Regulatory Ban on Product Held Insufficient Basis for Non-Use of Trade Mark
In InterAg v Bayer Intellectual Property GmbH 2020 NZIPOTM 21 the Assistant Commissioner revoked a trade mark after finding that a ban on the use of a product did not constitute special circumstances sufficient for justifying the non-use of a registered trade mark that was used in relation to a product that contained the banned product.

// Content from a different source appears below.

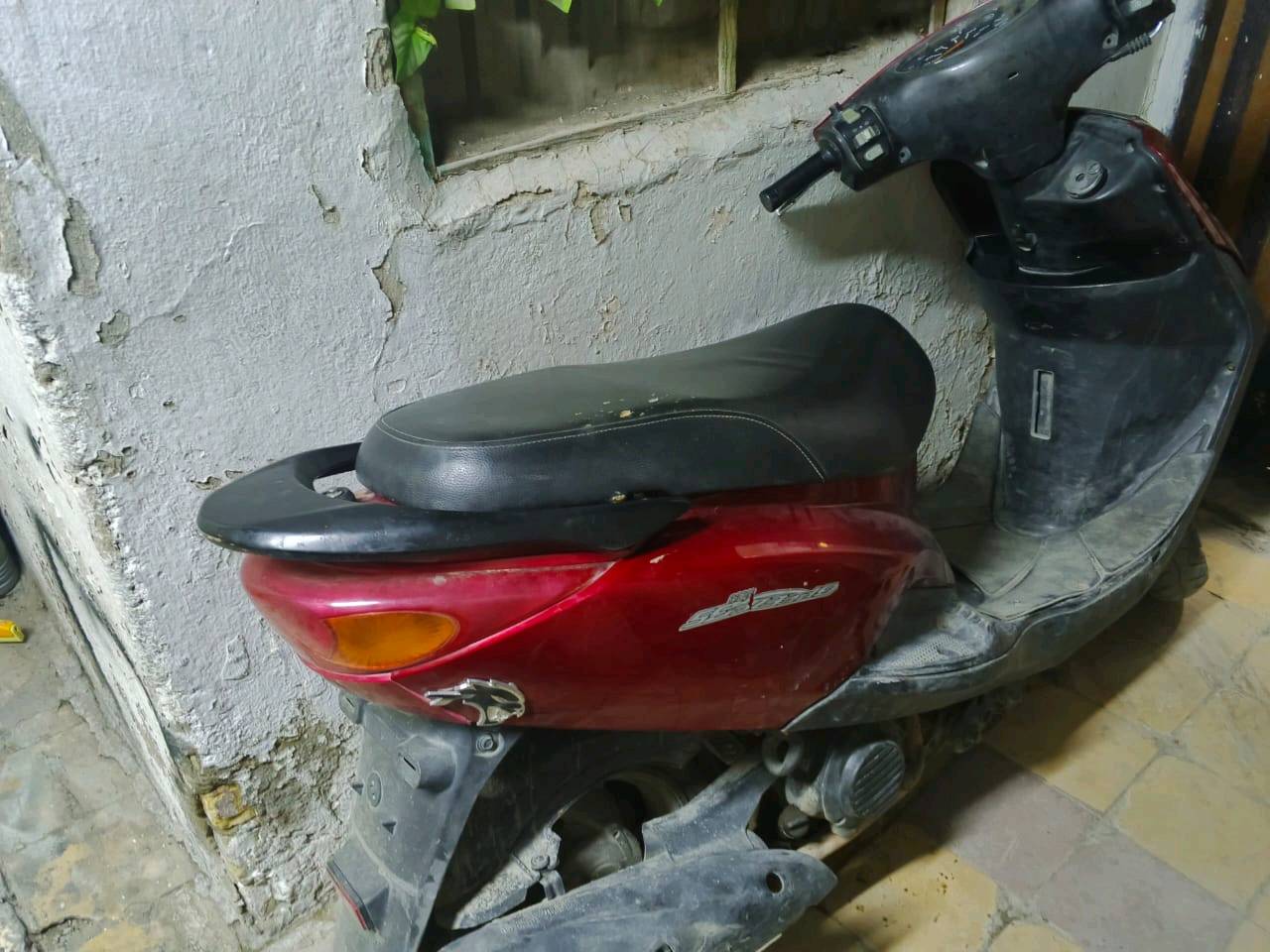 دراجه بريز دراجه نضيفه وجديده والسعر 450الف ودراجه  بيه صوت اكلج خلفي بس و باتري يحتاج شحن والعنوان بغداد الحريه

InterAg have two registrations for CIDIROL in class 5, the first covering pharmaceuticals and the second covering veterinary products including fertility enhancers for animals. Both parties agree that there has been no use of the CIDIROL trade mark since 2007, when the New Zealand Food Safety Authority introduced a ban on oestrogen products for animals producing food intended for human consumption in response to an EU Directive that included provisions that banned the importation of such food products. InterAg quickly substituted another hormone for use in it controlled internal drug release (CIDR) product, but decided not to use the same trade mark due to concerns over consumer confusion or reluctance
Bayer commenced the non-use revocation application after the CIDIROL registrations were cited against its application for CIDEROL in relation to veterinary preparations. InterAg sought to retain its registration by relying on subsection 66(2) of the Trade Marks Act 2002, which provides that a trade mark may not be revoked for its non-use if its non-use is due to special circumstances that are outside the control of the owner.

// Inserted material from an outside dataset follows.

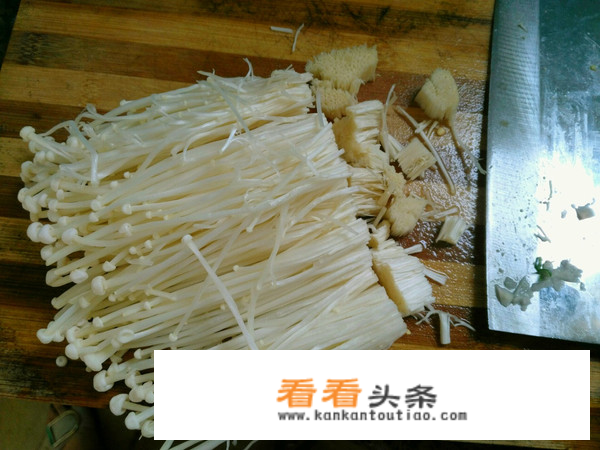 尖椒金针菇虎皮青椒做法？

Both parties agree that the ban on oestrogen products for animals producing food intended for human consumption is outside the control of InterAg. However, Bayer argued that it is nonetheless not a special circumstance on the bases that: regulatory intervention is part of the veterinary environment; the ban does not extend to animals that do not produce food intended for human consumption; InterAg’s decision not to use the same trade mark for the substituted formulation was voluntary; fertility enhancers are specialized products that require input from veterinarians and so confusion is unlikely. InterAg argued that: it had not abandoned the mark and would resume use of it if the ban is lifted; the ban is a special circumstance as it is not usual or ordinary and is in line with Article 19 of the TRIPs Agreement which recognises import restrictions or other government requirements as a valid reason for non-use; and that there are business and public interest reasons for not using the same trade mark for its substitute product.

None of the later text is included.